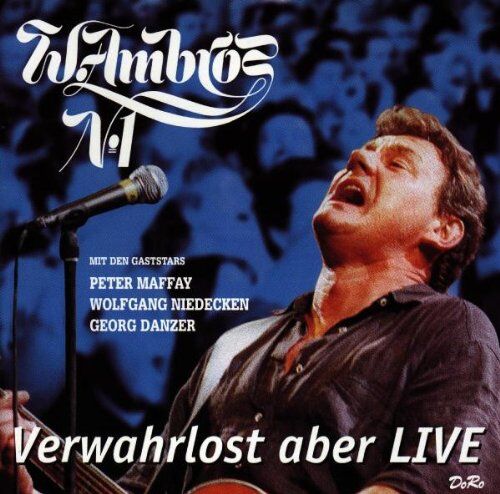 Wolfgang Ambros - Verwahrlost Aber Live - Preis vom 11.10.2026 03:10:56 h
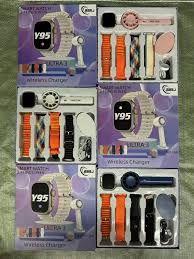 Y95 Ultra 3 Smartwatch With Electric Fan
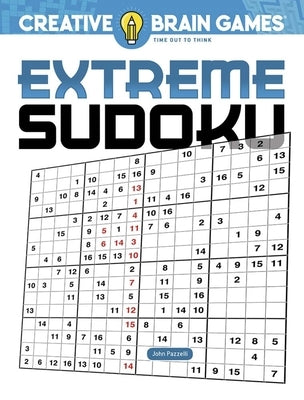 Creative Brain Games Extreme Sudoku by Pazzelli, John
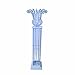 Algopix Similar Product 8 - Benjara, Blue Benzara Metal Floral Stand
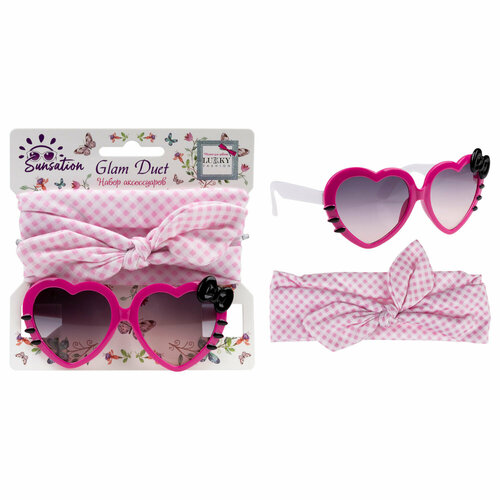 Солнцезащитные очки Lukky серый 508₽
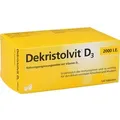 Dekristolvit D3 2000 I.e. 120 ST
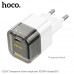 Hoco C125A Transparent tribute single-port PD20w Charger, white&black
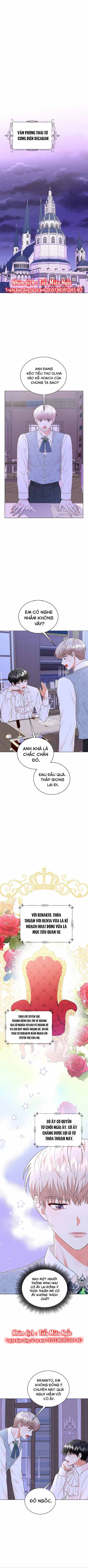 diễn vai ác nữ cũng thật khó khăn chapter 40.1 4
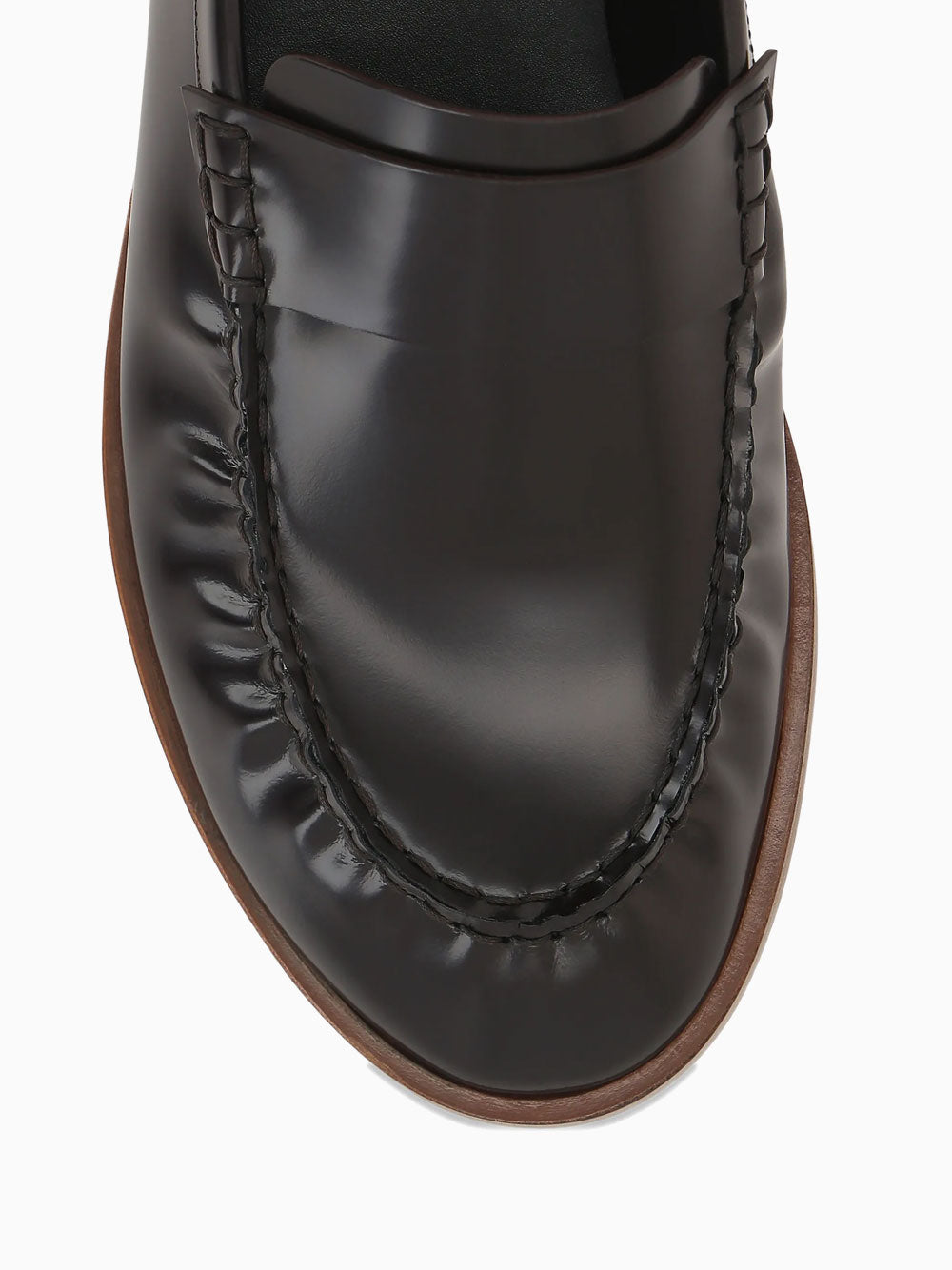 Masculine loafers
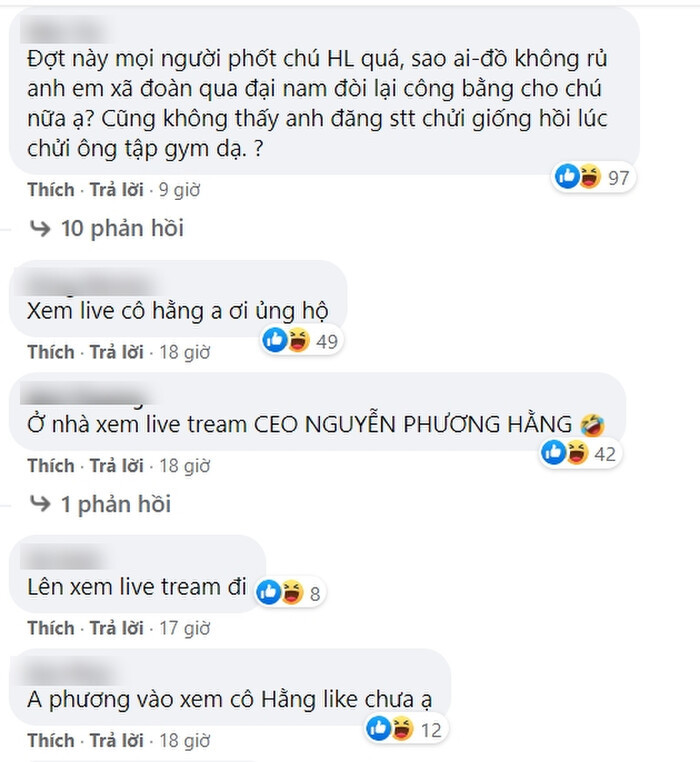 Huỳnh Phương Faptv bị dân mạng công kích đến Đại Nam 'xử' bà Hằng giữa ồn ào của nghệ sĩ Hoài Linh Ảnh 6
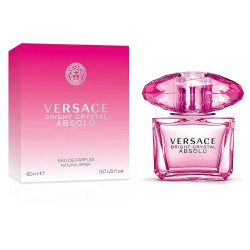 Versace Bright Crystal Absolu EDP kvepalai moterims, 90 ml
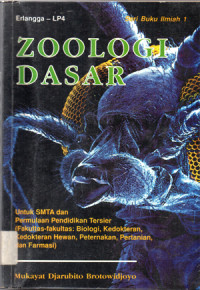 Image of ZOOLOGI DASAR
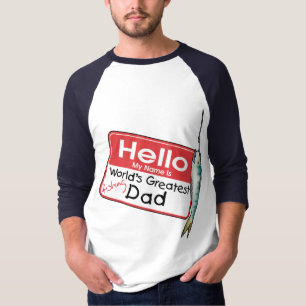 Fiske, Hej Min Namn är Tee Shirt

▶ [TASK TO CARRY OUT]: Retype the listing exactly and drop the pictures.

▶ [TASK ANSWER]:
 Wolfgang Ambros - Verwahrlost Aber Live - Preis vom 11.10.2026 03:10:56 h
 Y95 Ultra 3 Smartwatch With Electric Fan
 Creative Brain Games Extreme Sudoku by Pazzelli, John
 Algopix Similar Product 8 - Benjara, Blue Benzara Metal Floral Stand
 Солнцезащитные очки Lukky серый 508₽
 Dekristolvit D3 2000 I.e. 120 ST
 Hoco C125A Transparent tribute single-port PD20w Charger, white&black
 diễn vai ác nữ cũng thật khó khăn chapter 40.1 4
 Masculine loafers
 Huỳnh Phương Faptv bị dân mạng công kích đến Đại Nam 'xử' bà Hằng giữa ồn ào của nghệ sĩ Hoài Linh Ảnh 6
 Versace Bright Crystal Absolu EDP kvepalai moterims, 90 ml
 Image of ZOOLOGI DASAR
 Fiske, Hej Min Namn är Tee Shirt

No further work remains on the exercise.